The present situation worldwide shows that there is no guarantee for anybody. Before the financial debt crisis of 2008 Europe and the U.S. were in their heyday. Today there are new world powers such as China, India and Brazil. These countries managed to convert their economies to super productive ones. They managed to use their human resources in a extremely smart way. So, what will happen in the future and what will be the relations between the superpowers, it can be just predicted, but not completely sure.
During 2008 the latest devastating worldwide financial crisis started. Humanity has seen lots of crises of various types but nobody believed a financial collapse of this magnitude could happen again. It was an enormous surprise for the world when the giant Lehman Brothers went bankrupt. Many people were concerned that this event was the beginning of the financial debt crisis, but actually before this corporate collapse many American people were not able to pay their mortgage. This complicated situation was based on wrong financial management and lack of transparency. The enormous desire of banks to make more and more money,made them irresponsible. Most banks and other financial institutions allowed the lending of the so-called “subprime mortgages”. Literally, they would lend credit to everyone who wanted it without checking his/her financial background or credit history. This model fell apart and started the new debt crisis.
The financial crisis changed the growth pattern of the world. The mortgage crisis affected deeply the US, Europeand Asia. This collapse changed the power balance in the world. There are new super powers such as China and Brazil.
The US problems began with the debt crisis but their consequences are not just financial. The American crisis is not just a mortgage crisis, but also a social and economic one. Unemployment went up and public discontent grew as well. The American president Barak Obama promised serious reforms in the healthcare and educational sectors. Another problem was the crisis of the value of the dollar. Actually, the dollar crisis is strongly related to the debt one. Weak financial institutions raised the distrust in the American currency. However, diminishing competitiveness and financial excess (the enormous American budget deficit) are the real factors that influenced the crisis.
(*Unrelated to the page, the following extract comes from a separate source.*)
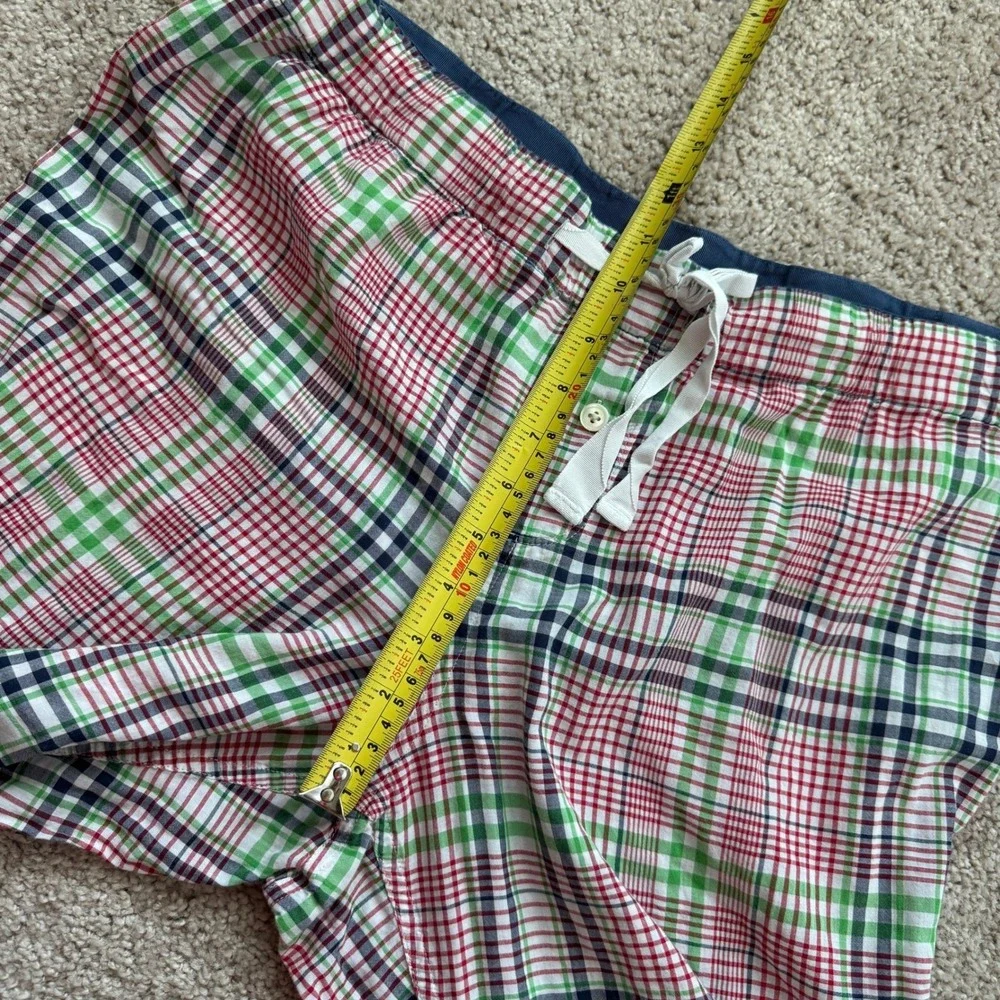 Mens Plaid Pajama Pants Red Green Navy Blue Drawstring Sleep Lounge size L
By April 2012, the U.S. had serious problems with its deficit, which reached record high levels.
The European crisis began later and “flourished” after the end of 2009 to the present 2012. European countries experienced a sovereign debt crisis as well, but some of them deepened their instability. Countries such as Ireland, Greece, Spain and Italy has had tough crises which continue to the present moment. Ireland and Italy coped with some of their problems. They accepted help from the most powerful European countries such as Germany and France, and from some lenders of last resort such as the IMF and European Central Bank. Spain and Greece are still in a difficult situation. They are not able to handle their high levels of unemployment and economic instability.
What will happen in the near future is not certain. Directions are changing permanently. Political leaders should be more responsible and take well thaught decisions about the future.